# Can I feed wheat?



## Daniel Babcock (May 28, 2008)

In my search for economical and healthy feed for my small herd of Mini-Lamanca goats, I have come across an opportunity to purchase a bunch of wheat. 

Can I feed wheat to my goats? A mill close to me will roll it for next to nothing?


Thanks


----------



## Sondra (Oct 25, 2007)

yep but as with anything go slow in adding it to their mix and before using it as a sole sorce for the grain you need to ck the nutrients


----------



## Sondra (Oct 25, 2007)

Here ya go you can compare wheat to oats look on the right side and just click on the grain you want. 
http://www.ingredients101.com/bpshreds.htm


----------



## Haglerfarm (Aug 11, 2008)

MY understanding there is a concern with wheat. Due to its gluten content it will ball in the gut causing problems. If I were to feed it I would not feed much at a time. Oats and barley are a better and safer choice.
Les


----------



## wheytogosaanens (Oct 26, 2007)

Perhaps you could make it a part of your grain program - 1/3 or something like that. Only roled wheat as the wheat berries are too hard for the goats to chew (just like triticale) and they won't be able to assimilate the nutrients. (It will come out the other end intact).

Camille
P.S. Can you split your goats into 2 groups, and monitor how they do, milk and condition-wise, with one having the wheat and the other being the control group?


----------



## Daniel Babcock (May 28, 2008)

Thanks for the reccomendations. I would not feed wheat exclusively and it would be rolled . Their feed would still primarily be alf-alfa pellets and a quality grass hay. 

Camille I would be able to split the goats into wheat and no wheat groups in order to ascertain how they do with the wheat.

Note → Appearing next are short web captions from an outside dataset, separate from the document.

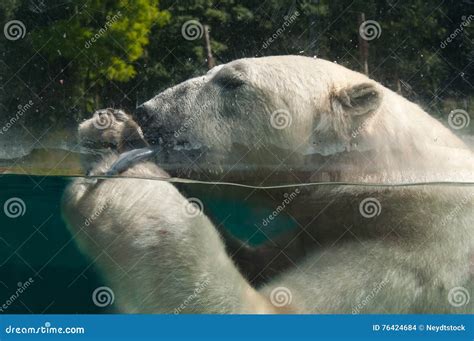 Polar Bear Eating a Fish in the Water Stock Photo - Image of pole, king: 76424684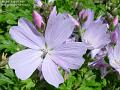2005-0804flower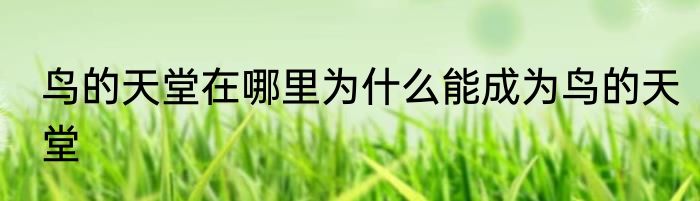 鸟的天堂在哪里为什么能成为鸟的天堂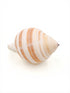 striped tonna shell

Thanks for the great link Sondra!


----------



## Sondra (Oct 25, 2007)

Think you misunderstood you need to mix the wheat in with other grains like oats


----------



## Anita Martin (Dec 26, 2007)

We've fed wheat on an occasional basis as part of the daily feed when we've run out of oats or barely. I have not noticed anyone getting an upset stomach or anything. I've fed it whole, as we had it stocked for our chickens who can easily digest it. What about sprouting it? Sprouted wheat berries and wheat grass juice, (made from wheat that is soaked and allowed to grow into grass without dirt, and then run through a juicer) is one of the latest health food crazes. (If you can chug down a shot of wheat grass juice, you're doin somethin!) That would take care of the not being so digestable part I would think.


----------



## Daniel Babcock (May 28, 2008)

Sondra-

Thanks I did understand, I would use wheat with other grains (ie: BOSS barley and oats) and I would not feed it, or the grain mix it is in as a sole or complete feed! 

This is such a great web resource! Thanks for all you do as administrators!!!


----------



## Sondra (Oct 25, 2007)

Anita Martin said:


> We've fed wheat on an occasional basis as part of the daily feed when we've run out of oats or barely. I have not noticed anyone getting an upset stomach or anything. I've fed it whole, as we had it stocked for our chickens who can easily digest it. What about sprouting it? Sprouted wheat berries and wheat grass juice, (made from wheat that is soaked and allowed to grow into grass without dirt, and then run through a juicer) is one of the latest health food crazes. (If you can chug down a shot of wheat grass juice, you're doin somethin!) That would take care of the not being so digestable part I would think.


Would think it would be great!! I know Vicki as some do so for chickens , however I don't seem to hardly find time to feed let alone sprout the darn stuff for the goats


----------